If 2020 was a year of turbulence, 2021 was the year of complete digital transformation. Enterprises across the globe focused their efforts on enabling stellar digital experiences — both to customers and internal stakeholders alike. This had a significant impact on the IT landscape.
The number of applications that were ‘mission-critical’ increased overnight. In a recent survey, respondents said that they have an average of 71.4 mission-critical applications. This means that an IT incident can have a direct and immediate impact on the company’s bottom line. Even an outage for a few minutes can shake up the foundation of businesses today. So, a reactive incident resolution is no longer enough.
What enterprises need in 2022 and beyond is proactive and preventive IT operations. This is only possible with machine learning and artificial intelligence-driven ops, or what’s widely being known as AIOps. In this blog post, we discuss what we believe will be the future of AIOps.
#1 Mere monitoring to preventive problem-solving
Enterprises globally have signed up for dozens of monitoring tools to keep track of their IT landscape. But monitoring alone doesn’t solve problems, it only tracks occurrences in real-time. While this is necessary, it’s not enough.
In the next year, enterprises will increasingly look for a robust AIOps tool that collects data from across monitoring tools, processes the information, makes predictions, and autonomously resolves them.
#2 Accelerated time-to-value
With the speed and complexity of digital transformation, enterprises don’t have months to set up AIOps. So they will look for AIOps tools that are easy to set up and use. They will demand time-to-value to be days.
#3 Exceptional data capabilities
The foundation of AI is good data. To leverage that, enterprises will expect their AIOps tools to:
- Ingest data from any source in any format
- Go beyond metrics and event data to also ingest workload data.
- Work independently or in tandem with other tools as necessary with out-of-the-box connectors
- Leverage advanced and accurate machine learning algorithms to better correlate and identify anomalies
- Prevent alert storms and false positives by capturing the right metrics and making accurate correlations to identify anomalies
#4 Flexibility
Enterprises today have complex multi-cloud/hybrid cloud environments. While choosing the right AIOps tool, they will expect it to have multiple deployment options customizable to their needs. They will demand that it have options beyond agent/agentless.
As a result, in the future, AIOps will play a fundamental role in bringing together BizOps, DevOps and ITOps. With auto-remediation scripts, orchestration workflows and intelligent change management, enterprises will expect their AIOps tools to power DevOps to be more efficient, taking products to market at an accelerated pace. Ingesting data from the CI/CD pipeline, they will need their AIOps tool to leverage data from the code push and transaction for deep dives and early warning alerts to map incident impact on user journeys across services spanning silos.
#5 Price sensitivity
The return on investment on tools like IT operations management has become highly critical. Therefore, enterprises will look for cost-effective pricing models. They will frown upon large overheads/licensing costs and seek better immediate value through SAAS-based products.

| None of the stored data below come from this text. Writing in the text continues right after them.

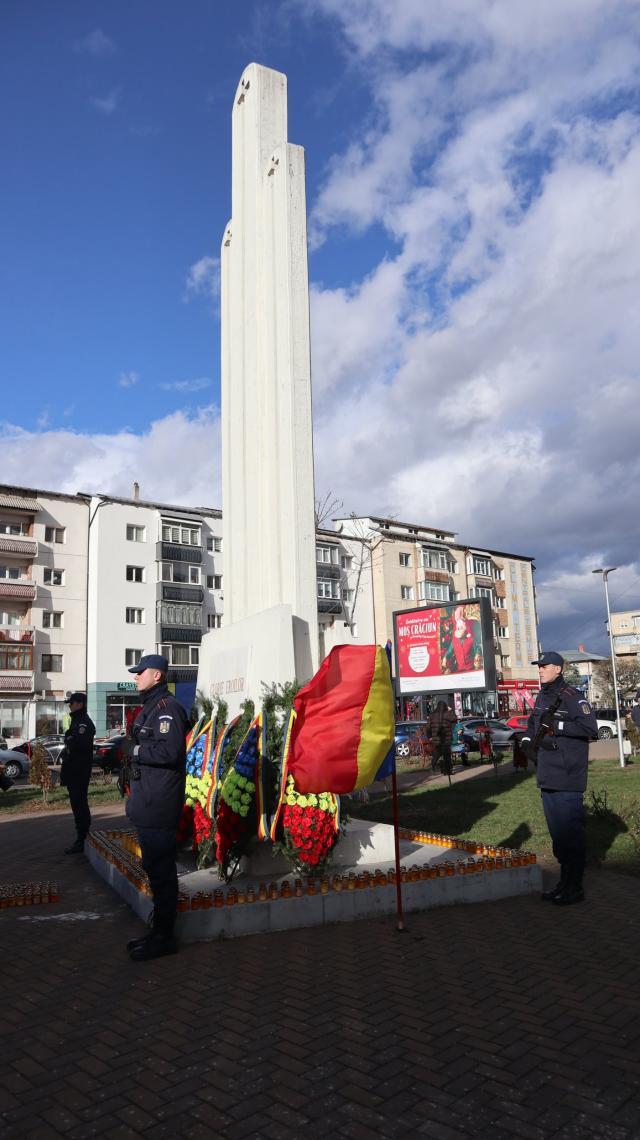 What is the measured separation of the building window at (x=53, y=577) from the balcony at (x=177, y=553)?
19.4 ft

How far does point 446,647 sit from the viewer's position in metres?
24.4

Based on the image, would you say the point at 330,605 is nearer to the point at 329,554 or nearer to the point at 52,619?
the point at 329,554

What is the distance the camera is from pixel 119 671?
157 feet

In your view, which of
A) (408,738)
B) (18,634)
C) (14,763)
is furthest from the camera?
(18,634)

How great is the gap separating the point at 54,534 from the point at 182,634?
9.88 m

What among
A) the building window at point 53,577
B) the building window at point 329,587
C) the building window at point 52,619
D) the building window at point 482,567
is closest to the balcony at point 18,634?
the building window at point 52,619

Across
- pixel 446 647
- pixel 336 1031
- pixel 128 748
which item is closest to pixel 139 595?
pixel 446 647

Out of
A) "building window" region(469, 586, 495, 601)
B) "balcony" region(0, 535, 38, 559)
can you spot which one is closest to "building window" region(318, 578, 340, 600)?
"building window" region(469, 586, 495, 601)

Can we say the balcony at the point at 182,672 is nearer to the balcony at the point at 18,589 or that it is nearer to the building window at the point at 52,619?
the building window at the point at 52,619

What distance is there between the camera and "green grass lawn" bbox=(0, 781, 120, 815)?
1710 centimetres

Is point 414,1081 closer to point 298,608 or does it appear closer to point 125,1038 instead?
point 125,1038

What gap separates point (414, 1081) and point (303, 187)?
29.8 ft

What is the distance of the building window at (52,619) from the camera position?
47250 mm

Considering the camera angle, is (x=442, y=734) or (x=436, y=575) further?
(x=436, y=575) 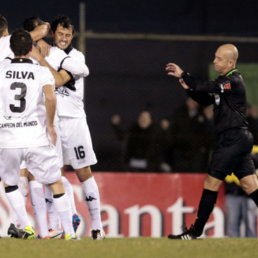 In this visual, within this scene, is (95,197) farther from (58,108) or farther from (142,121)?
(142,121)

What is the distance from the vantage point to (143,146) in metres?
14.9

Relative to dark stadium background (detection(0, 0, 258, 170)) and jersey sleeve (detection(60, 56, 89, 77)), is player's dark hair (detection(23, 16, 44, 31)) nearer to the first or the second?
jersey sleeve (detection(60, 56, 89, 77))

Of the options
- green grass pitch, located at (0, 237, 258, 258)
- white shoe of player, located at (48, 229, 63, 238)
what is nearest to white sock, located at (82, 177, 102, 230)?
white shoe of player, located at (48, 229, 63, 238)

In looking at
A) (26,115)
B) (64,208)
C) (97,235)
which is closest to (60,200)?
(64,208)

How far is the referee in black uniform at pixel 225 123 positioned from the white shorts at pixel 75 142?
4.07ft

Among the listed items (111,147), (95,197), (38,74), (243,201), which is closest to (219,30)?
(111,147)

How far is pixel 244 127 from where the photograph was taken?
9391 mm

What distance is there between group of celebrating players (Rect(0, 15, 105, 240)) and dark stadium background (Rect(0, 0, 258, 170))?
5.28 m

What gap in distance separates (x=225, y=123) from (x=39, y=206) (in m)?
2.14

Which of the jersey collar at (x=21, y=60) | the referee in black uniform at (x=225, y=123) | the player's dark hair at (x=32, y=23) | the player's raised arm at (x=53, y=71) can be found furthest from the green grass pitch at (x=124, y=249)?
the player's dark hair at (x=32, y=23)

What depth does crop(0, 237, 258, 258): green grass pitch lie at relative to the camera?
812 centimetres

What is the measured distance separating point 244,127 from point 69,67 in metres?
1.91

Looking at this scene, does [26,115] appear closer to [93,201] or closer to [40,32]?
[40,32]

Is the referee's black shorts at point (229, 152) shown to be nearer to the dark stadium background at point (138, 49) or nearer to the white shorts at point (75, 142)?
the white shorts at point (75, 142) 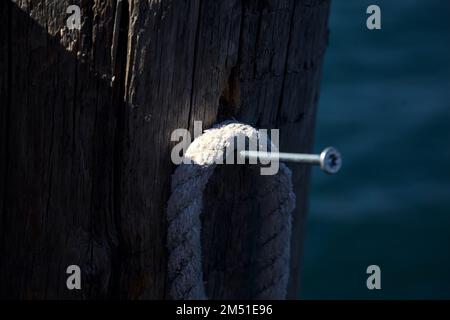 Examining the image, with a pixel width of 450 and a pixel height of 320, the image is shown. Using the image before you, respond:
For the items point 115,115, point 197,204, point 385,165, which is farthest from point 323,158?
point 385,165

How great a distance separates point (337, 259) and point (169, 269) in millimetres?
3094

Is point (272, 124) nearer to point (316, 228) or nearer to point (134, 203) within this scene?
point (134, 203)

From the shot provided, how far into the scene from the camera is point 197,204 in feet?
7.77

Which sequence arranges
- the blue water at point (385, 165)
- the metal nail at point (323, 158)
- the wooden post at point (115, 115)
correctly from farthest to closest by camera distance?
the blue water at point (385, 165) → the wooden post at point (115, 115) → the metal nail at point (323, 158)

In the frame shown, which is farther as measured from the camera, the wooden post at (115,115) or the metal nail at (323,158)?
the wooden post at (115,115)

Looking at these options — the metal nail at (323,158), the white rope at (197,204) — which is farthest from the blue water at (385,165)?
the metal nail at (323,158)

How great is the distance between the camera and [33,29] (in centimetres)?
229

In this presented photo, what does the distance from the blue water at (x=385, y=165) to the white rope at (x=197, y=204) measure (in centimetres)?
273

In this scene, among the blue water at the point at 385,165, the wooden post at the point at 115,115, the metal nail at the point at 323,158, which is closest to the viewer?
the metal nail at the point at 323,158

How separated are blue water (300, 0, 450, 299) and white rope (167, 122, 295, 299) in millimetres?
2733

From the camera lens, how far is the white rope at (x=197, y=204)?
2.34 meters

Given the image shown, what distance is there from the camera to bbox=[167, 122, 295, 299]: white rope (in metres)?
2.34

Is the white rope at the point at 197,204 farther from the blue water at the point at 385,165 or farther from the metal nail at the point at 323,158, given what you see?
the blue water at the point at 385,165

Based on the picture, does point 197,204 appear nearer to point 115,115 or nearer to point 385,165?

#6 Autonomous is the name of the game
The more intelligent an AIOps tool is, the more time it can save for the SRE because it can automate redundant tasks with a degree of autonomy. Unlike a regular IT ops and monitoring mechanism, which only builds dashboards and sends alerts, an intelligent AIOps tool can perform proactive remediation.
#7 Capacity forecasting and planning
Operations management has long been looking backwards, waiting for incidents to occur and resolving them post facto. In 2022, that won’t be enough. Enterprises will look for AIOps tools that can forecast dynamically and adapt autonomously. For instance, an e-commerce platform might have seasonal spikes during sales, promotions etc. There might also be sudden spikes at specific times within these days. An AIOps platform should forecast these, factoring the right metrics and autonomously adjust asset provisioning.
If there is one thing we know for sure, in 2022, things are not going to slow down on the digital front. Digital transformation and consumer expectations will only skyrocket. Therefore, artificial intelligence and machine learning are no longer just good-to-have.
In 2022, robust AIOps will be a must-have — a fundamental differentiator and a competitive advantage.